KA-DERden alınan verilerde, kadın kotası, dünyada 81 ülkede uygulanıyor. Bu 81 ülkeden 16sı kotayı anayasa ile 27si seçim yasası ile düzenliyor. 43 ülkede ise kota, siyasi parti tüzüklerine konulan hükümler çerçevesinde ve milletvekili adaylarını kapsayacak biçimde hayata geçiriliyor. Yani, dünya yüzünde hiçbir devlet kota meselesini, aziz Başbakanımızın anladığı gibi anlamıyor.
Burjuva demokrasisisin en son sınırları siyasal eşitliktir. Eşit hakların yasalarda tanımlanması, gerçek eşitliği sağlamaz. Sosyal ve ekonomik planda eşitlik sağlanamadığı takdirde, kağıt üzerindeki eşit haklar, sadece eşitsizliğin en yalın biçimde görülmesini sağlar.

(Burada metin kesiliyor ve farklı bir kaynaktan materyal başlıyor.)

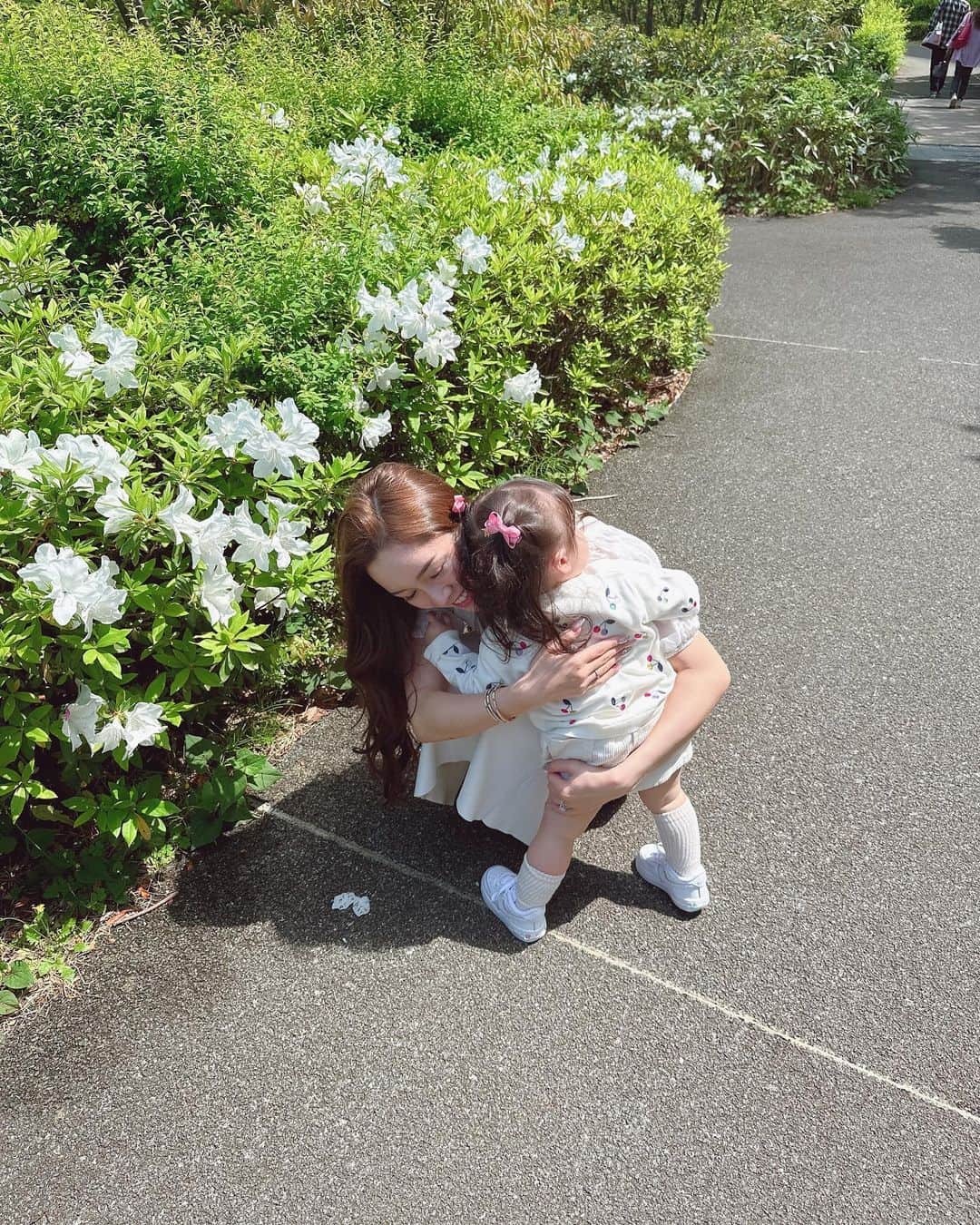 石田安奈のインスタグラム：「ぎゅ〜💕💕💕  お人形さんずっと持って歩いてるけどそんなのも女の子だなぁ。と感じる🥹💕  持って行かないと怒る笑  #女の子#女の子ママ#子育て#育児#ママ友 #1歳半」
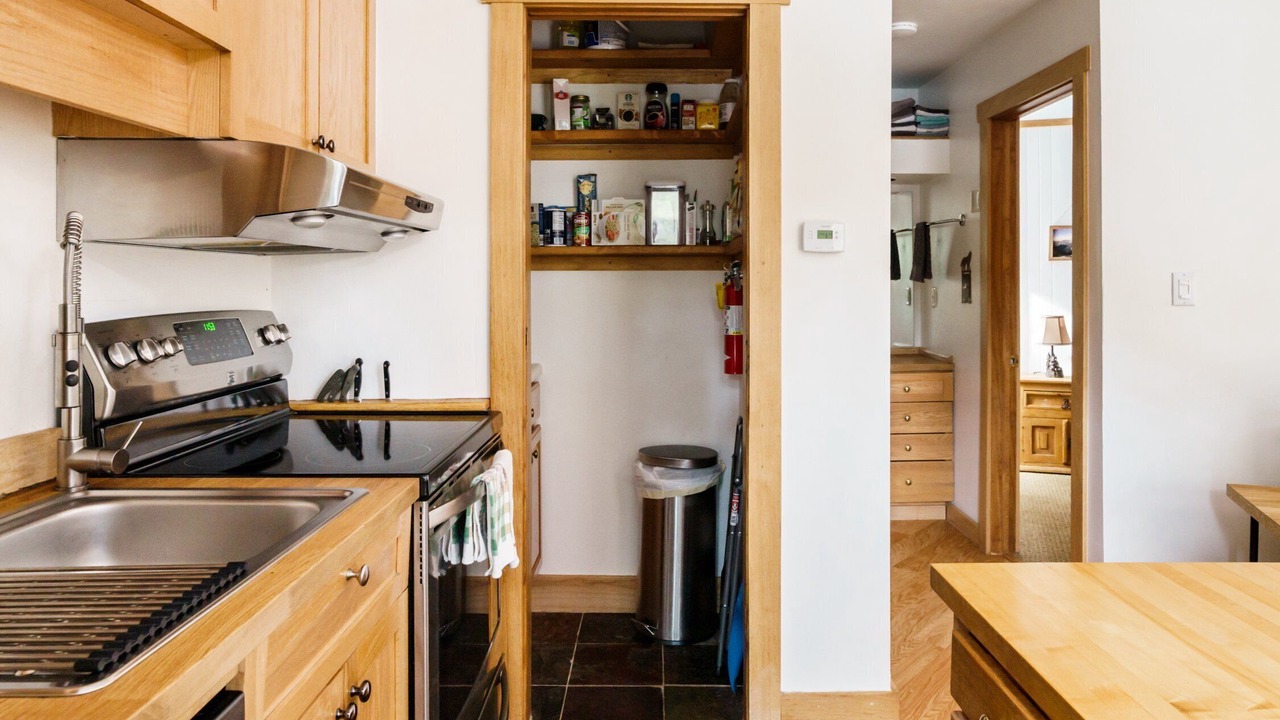 Photo of Kitchen in Peak 8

Ülkemizde de 72 yıl önce kadınlar, erkeklerle eşit olarak seçme ve seçilme hakkını kazandı. Ancak, 72 yılda TBMMye 8294 erkek vekilin yanında sadece 186 kadın girebildi. 72 yıldaki toplam kadın milletvekili sayısı, şu anki 550 kişilik Meclisin yarısı kadar bile olamadı. Türkiye, kadınların parlamentoda temsil niceliği bakımından, bugün 167 ülke arasında 163üncü sırada yer alabiliyor. 2002 seçimlerinde Meclise giren siyasi partilerin aday listelerinin ilk 3 sırasında sadece 7 kadının adı vardı.
Kuşkusuz; siyasette burjuva öz aynı kaldığı müddetçe, kadınlara olumlu destek politikalarının uygulanması ve kadın kotası; sadece CHP ve AKP, bilemediniz DYP, MHP gibi milliyetçi, gerici, tümü birden IMFci-ABDci burjuva partilerinin, yoksul-emekçi-ezilen kadınları aldatmak üzere vitrin süslemesinden öteye gidemeyecek. Kota, halkın vekilleri arasında işçi kadının, demokrat Kürt kadınının, köylü kadının yer almasını sağlamayacak. Buna seçim barajı bir yandan, Hazine yardımı bir yandan, seçim yasakları bir yandan, TCK, TMY gibi yasalar bir yandan, sosyal eşitsizlik bir yandan engel olmaya devam edecek.
Ama yine de, sayılar, Türkiye parlamentosu ve siyasetinin iç karartacak kadar bıyıklı ve erkek siyaseti olduğunu, sınıfsal ve ulusal olarak demokratik olmayan bu siyasetin kadınlar karşısında da tahammülsüz ve hazımsız olduğunu çarpıcı biçimde gösteriyor.